Short text fragments from websites:
════════════════════

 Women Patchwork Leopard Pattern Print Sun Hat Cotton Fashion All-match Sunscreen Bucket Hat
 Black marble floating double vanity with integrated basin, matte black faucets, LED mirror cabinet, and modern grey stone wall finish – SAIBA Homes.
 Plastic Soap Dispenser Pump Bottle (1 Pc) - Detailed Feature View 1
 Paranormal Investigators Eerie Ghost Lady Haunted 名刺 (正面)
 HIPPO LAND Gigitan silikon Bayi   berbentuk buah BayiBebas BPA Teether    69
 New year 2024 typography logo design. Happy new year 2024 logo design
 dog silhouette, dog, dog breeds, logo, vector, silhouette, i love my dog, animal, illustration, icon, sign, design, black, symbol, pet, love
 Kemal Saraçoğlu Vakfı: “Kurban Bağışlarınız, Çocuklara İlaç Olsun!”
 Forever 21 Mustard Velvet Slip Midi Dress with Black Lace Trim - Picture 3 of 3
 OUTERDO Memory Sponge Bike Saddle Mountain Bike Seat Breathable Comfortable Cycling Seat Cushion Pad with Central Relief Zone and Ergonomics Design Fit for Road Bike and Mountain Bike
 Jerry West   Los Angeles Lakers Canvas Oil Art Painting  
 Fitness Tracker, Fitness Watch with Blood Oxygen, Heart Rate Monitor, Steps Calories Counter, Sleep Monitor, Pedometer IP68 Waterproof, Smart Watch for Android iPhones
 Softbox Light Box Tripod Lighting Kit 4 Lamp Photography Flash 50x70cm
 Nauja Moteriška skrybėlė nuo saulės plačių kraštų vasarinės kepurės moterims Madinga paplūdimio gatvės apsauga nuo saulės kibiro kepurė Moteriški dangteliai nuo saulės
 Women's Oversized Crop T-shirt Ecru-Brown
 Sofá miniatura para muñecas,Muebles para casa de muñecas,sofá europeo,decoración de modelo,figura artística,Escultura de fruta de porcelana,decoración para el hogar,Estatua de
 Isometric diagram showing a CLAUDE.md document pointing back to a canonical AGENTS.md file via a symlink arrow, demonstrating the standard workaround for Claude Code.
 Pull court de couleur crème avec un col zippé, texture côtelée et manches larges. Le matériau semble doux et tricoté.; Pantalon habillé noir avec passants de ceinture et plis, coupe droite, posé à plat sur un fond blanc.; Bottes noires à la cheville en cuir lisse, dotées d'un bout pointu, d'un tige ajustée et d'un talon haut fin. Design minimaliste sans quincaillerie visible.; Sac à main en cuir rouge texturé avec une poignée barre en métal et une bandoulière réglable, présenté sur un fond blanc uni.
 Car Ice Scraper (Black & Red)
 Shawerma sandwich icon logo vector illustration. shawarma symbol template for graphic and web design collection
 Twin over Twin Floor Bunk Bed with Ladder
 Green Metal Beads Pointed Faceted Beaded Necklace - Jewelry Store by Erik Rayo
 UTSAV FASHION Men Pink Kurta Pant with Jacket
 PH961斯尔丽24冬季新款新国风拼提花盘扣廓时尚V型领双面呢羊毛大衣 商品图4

════════════════════

TASK OBJECTIVE:
Give back, word for word, only the lines above from the line holding "Plastic Soap Dispenser" to the line holding "Forever 21 Mustard", both included.

TASK RESULT:
 Plastic Soap Dispenser Pump Bottle (1 Pc) - Detailed Feature View 1
 Paranormal Investigators Eerie Ghost Lady Haunted 名刺 (正面)
 HIPPO LAND Gigitan silikon Bayi   berbentuk buah BayiBebas BPA Teether    69
 New year 2024 typography logo design. Happy new year 2024 logo design
 dog silhouette, dog, dog breeds, logo, vector, silhouette, i love my dog, animal, illustration, icon, sign, design, black, symbol, pet, love
 Kemal Saraçoğlu Vakfı: “Kurban Bağışlarınız, Çocuklara İlaç Olsun!”
 Forever 21 Mustard Velvet Slip Midi Dress with Black Lace Trim - Picture 3 of 3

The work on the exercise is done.